130 For a concrete example lets assume a large datastore of 1 PiB, and an average
131 chunk size of 4 MiB. That means :math:`n = 268435456` tries, and :math:`d =
132 2^{256}` possibilities. Inserting those values in the formula from earlier you
133 will see that the probability of a collision in that scenario is:
134
135 .. math::
136
137 3.1115 * 10^{-61}
138
139 For context, in a lottery game of guessing 6 out of 45, the chance to correctly
140 guess all 6 numbers is only :math:`1.2277 * 10^{-7}`, that means the chance of
141 collission is about the same as winning 13 such lotto games *in a row*.
142
143 In conclusion, it is extremely unlikely that such a collision would occur by
144 accident in a normal datastore.
145
146 Additionally, SHA-256 is prone to length extension attacks, but since there is
147 an upper limit for how big the chunk are, this is not a problem, since a
148 potential attacker cannot arbitrarily add content to the data beyond that
149 limit.
150
151 File-based Backup
152 ^^^^^^^^^^^^^^^^^
153
154 Since dynamically sized chunks (for file-based backups) are created on a custom
155 archive format (pxar) and not over the files directly, there is no relation
156 between files and the chunks.
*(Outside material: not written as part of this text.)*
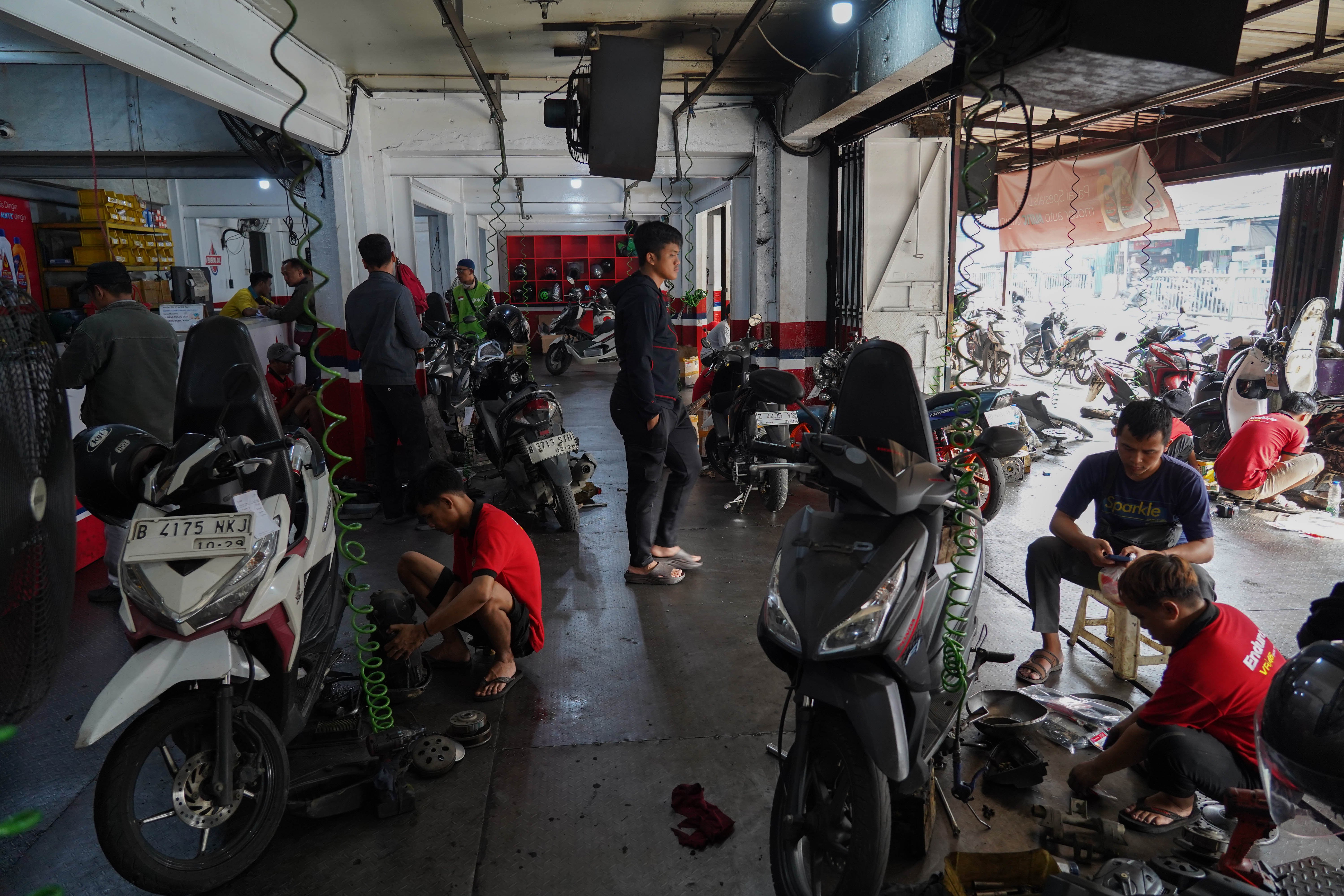 Mekanik memperbaiki sepeda motor di salah satu bengkel di kawasan Pasar Minggu, Jakarta, Selasa (9/6/2026). Melemahnya nilai tukar rupiah terhadap dolar Amerika membuat harga onderdil motor seperti oli, ban hingga kampas rem mengalami kenaikan harga rata-rata dari Rp 15 ribu hingga Rp 20 ribu.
This means that the Proxmox Backup client has to
157 read all files again for every backup, otherwise it would not be possible to
158 generate a consistent independent pxar archive where the original chunks can be
159 reused. Note that there will be still only new or change chunks be uploaded.
160
161 Verification of encrypted chunks
162 ^^^^^^^^^^^^^^^^^^^^^^^^^^^^^^^^
163
164 For encrypted chunks, only the checksum of the original (plaintext) data is
165 available, making it impossible for the server (without the encryption key), to
166 verify its content against it. Instead only the CRC-32 checksum gets checked.